**REQUIRED WORK**
Everything in the listing below must be reproduced exactly, apart from its images.

**COLLECTED DATA**
══════════════════════════════
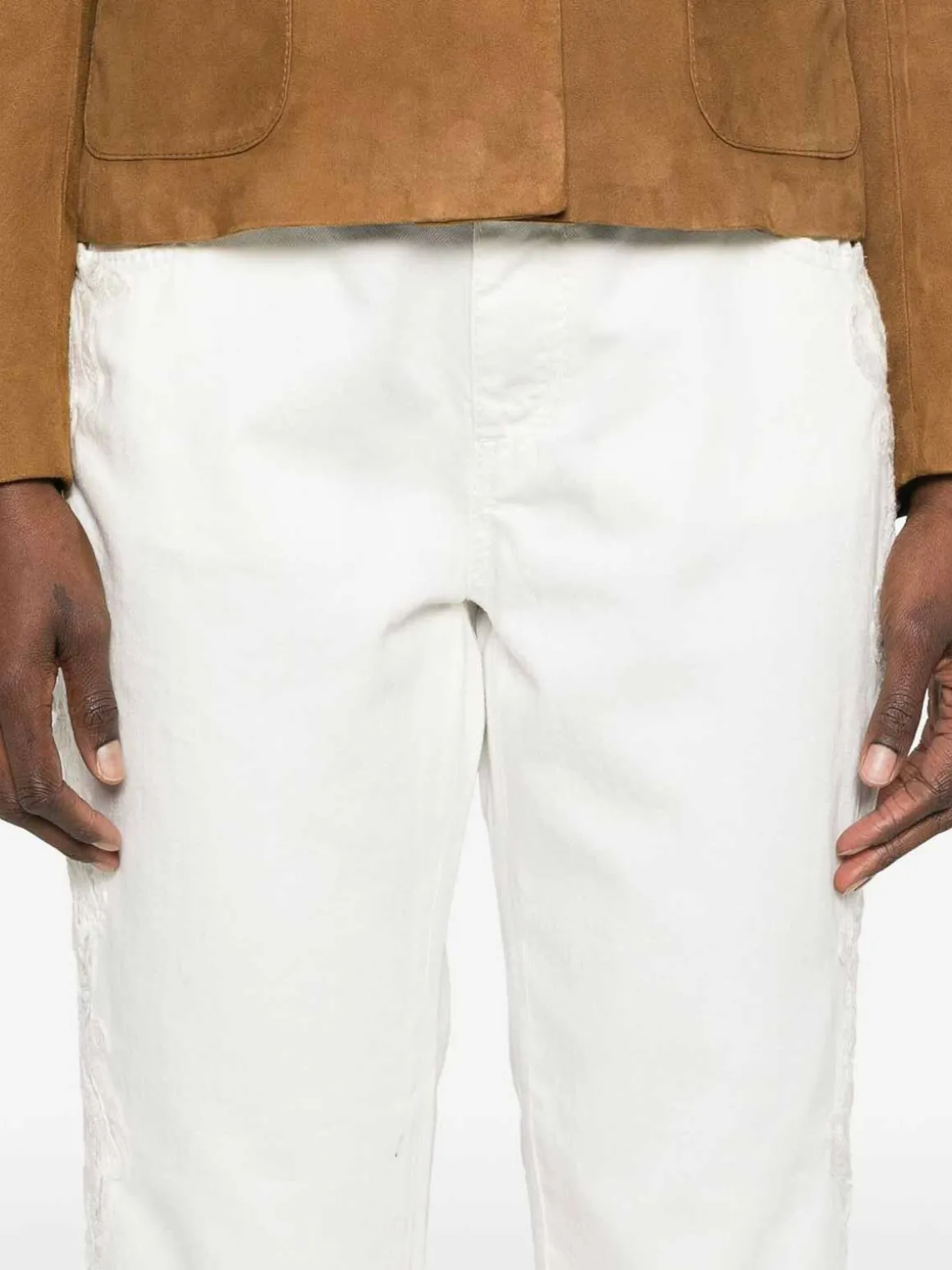 Jeans Con Dettaglio In Pizzo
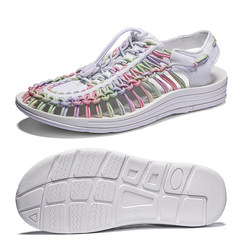 Over a Hundred Types of Women's Summer Woven Beach Sandals, Popular Roman-Style Perforated Beach Shoes, Trendy Outdoor Sandals and Slippers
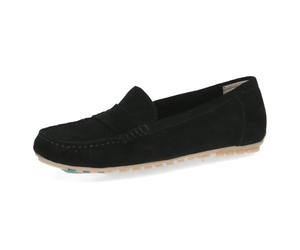 CAPRICE Mocassino da donna piatto, Nero (BLK DEER SUEDE), 41 EU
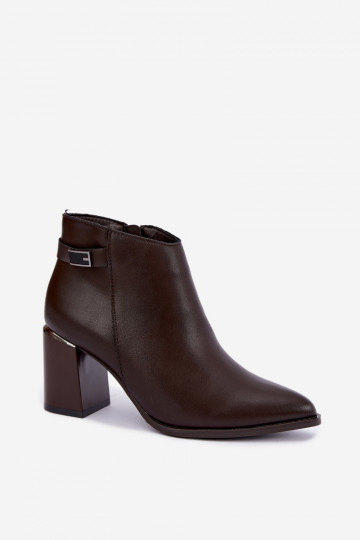Botins forrados com salto e tiras decorativas Czekoladoje Irmelle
══════════════════════════════
**EXERCISE RESPONSE**
 Jeans Con Dettaglio In Pizzo
 Over a Hundred Types of Women's Summer Woven Beach Sandals, Popular Roman-Style Perforated Beach Shoes, Trendy Outdoor Sandals and Slippers
 CAPRICE Mocassino da donna piatto, Nero (BLK DEER SUEDE), 41 EU
Botins forrados com salto e tiras decorativas Czekoladoje Irmelle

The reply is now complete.